Most efficient way to convert/unpack an itertools.chain object to an unordered and ordered list

Question

Other than using the list and sorted methods to convert an itertools.chain object to get an unordered and ordered list, respectively, are there more efficient ways of doing the same in python3? I read in this answer that list is for debugging. Is this true?

Below is an example code where I time the processes:

from itertools import chain
from time import time

def foo(n):
        for i in range(n):
            yield range(n)

def check(n):
    # check list method
    start = time()
    a = list(itertools.chain.from_iterable(foo(n)))
    end = time()- start
    print('Time for list = ', end)
    # check sorted method
    start = time()
    b = sorted(itertools.chain.from_iterable(foo(n)))
    end = time()- start
    print('Time for sorted = ', end)

Results:

>>> check(1000)
Time for list =  0.04650092124938965
Time for sorted =  0.08582258224487305
>>> check(10000)
Time for list =  1.615750789642334
Time for sorted =  8.84056806564331
>>>

Answer 1

The most efficient way is using list() but if you want to flatten a nested iterable by itertools.chain() or concatenate some iterables and then convert it to list you can just use a nested list comprehension at once.
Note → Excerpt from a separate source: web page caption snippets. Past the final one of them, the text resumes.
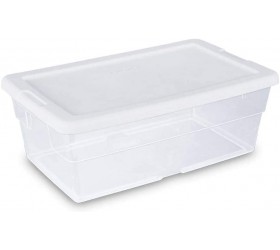 Sterilite 6 Quart Clear Stacking Closet Storage Tote Container with White Lid - BNRR9YIQY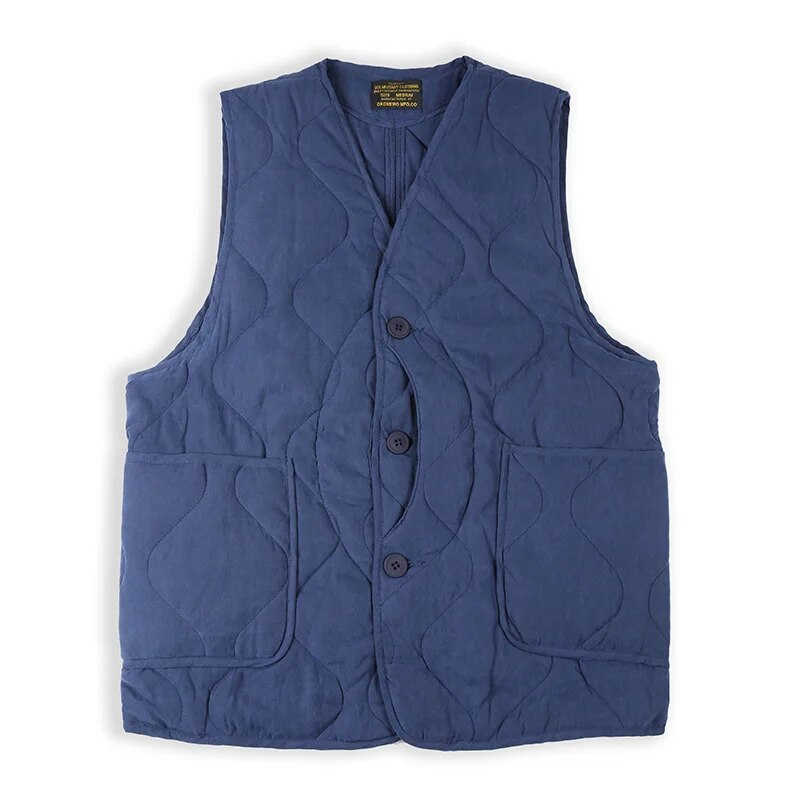 Chaleco de otoño-invierno para hombre, chaqueta gruesa y cálida sin mangas, cortavientos, chaleco interior acolchado de algodón para hombre, chaleco de color sólido con cuello en V para hombre_voghion.com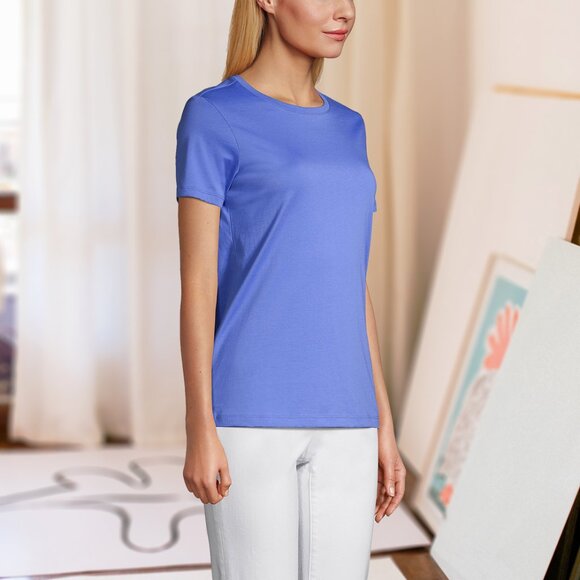 1-Pack Women's Slim-Fit Short Sleeves Crew Neck Black T-Shirt with (Plus Sizes) - Picture 3 of 16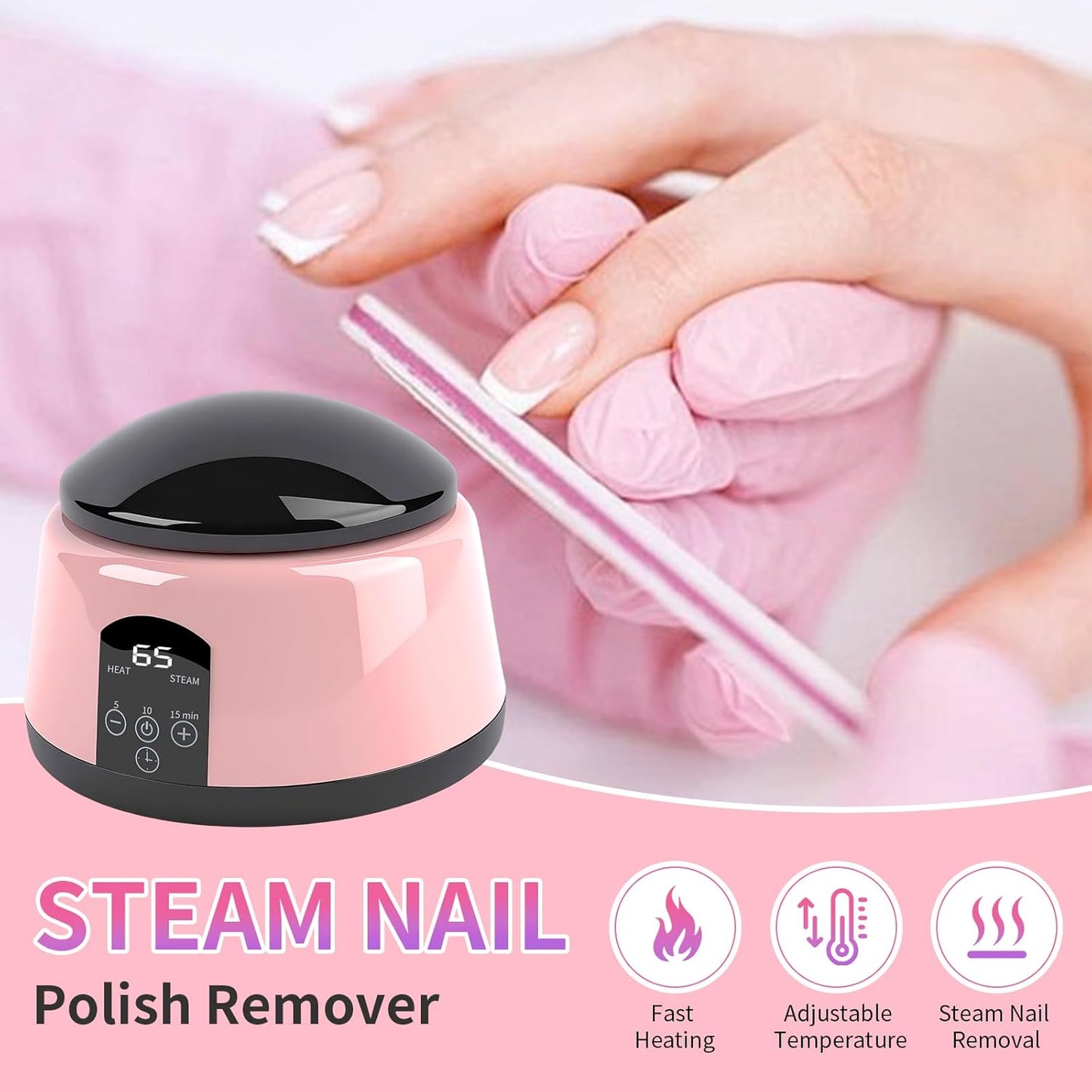 Electric Nail Soaking Bowl - Adjustable Temperature Gel Polish Remover | Quick & Easy Home DIY Solution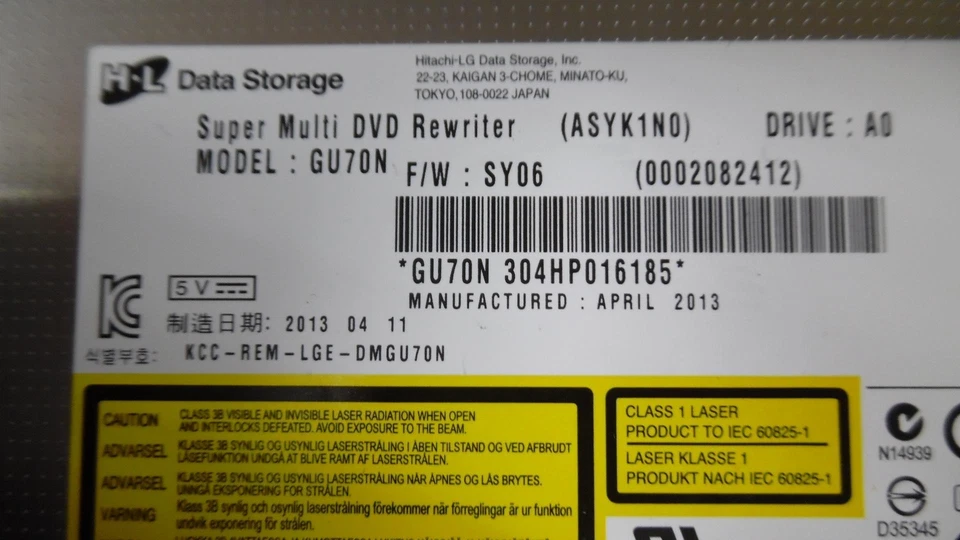 Unidad óptica interna original SONY SVF142C29M - DVD±RW / GU70N - probada Foto 4 de 4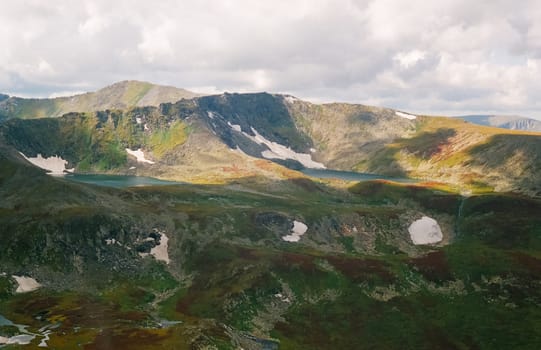 Nature is altai in spring. Melted snow in the mountains.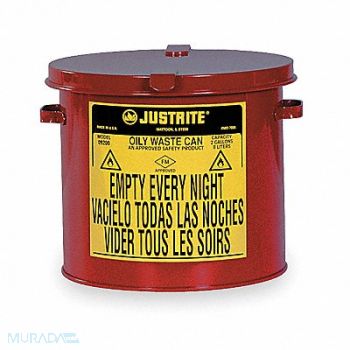 JUSTRITE F0097 Countertop Oily Waste Can 2 gal Red, 2RYG9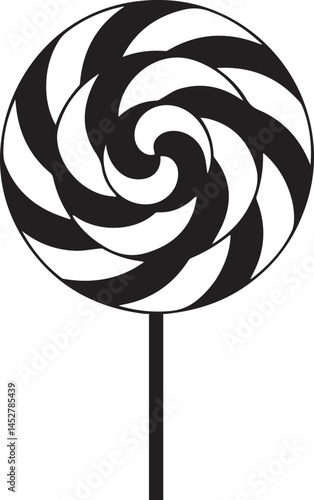 Candy Swirl Lollipop Silhouette | Black Christmas Treat Vector Icon Vector
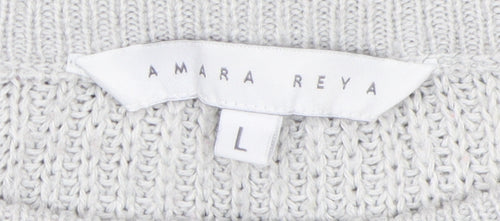 Amara Reya Women's Grey Acrylic Pullover Jumper L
Also the reason that sorted() takes more time is that it's sorting the iterable while list just calls some methods of generator function (like __next__) in order to copy the items to a list object.

Note that in terms of run time the itertools.chain can perform slightly even faster than list comprehension (python 2.x and python 3.x). Here is an example:

In [27]: lst = [range(10000) for _ in range(10000)]

In [28]: %timeit [i for sub in lst for i in sub]
1 loops, best of 3: 3.94 s per loop

In [29]: %timeit list(chain.from_iterable(lst))
1 loops, best of 3: 2.75 s per loop

Answer 2

Other than using the list and sorted methods to convert an itertools.chain object to get an unordered and ordered list, respectively, are there more efficient ways of doing the same in python3?

simple answer: no. When working with the python generators and iterators, the only caveat you have to avoid is to convert a generator into a list, then into a generator, then into a list again etc…

i.e. a chain like that would be stupid:

list(sorted(list(filter(list(map(…

because you would then lose all the added value of the generators.

I read in this answer that list is for debugging. Is this true?

it depends on your context, generally speaking a list() is not for debugging, it's a different way to represent an iterable.

You might want to use a list() if you need to access an element at a given index, or if you want to know the length of the dataset. You'll want to not use a list() if you can consume the data as it goes.

Think of all the generators/iterator scheme as a way to apply an algorithm for each item as they are available, whereas you work on lists as bulk.

About the question you quote, the question is very specific, and it asks how it can introspect a generator from the REPL, in order to know what is inside. And the advice from the person who answered this is to use the list(chain) only for introspection, but keep as it was originally.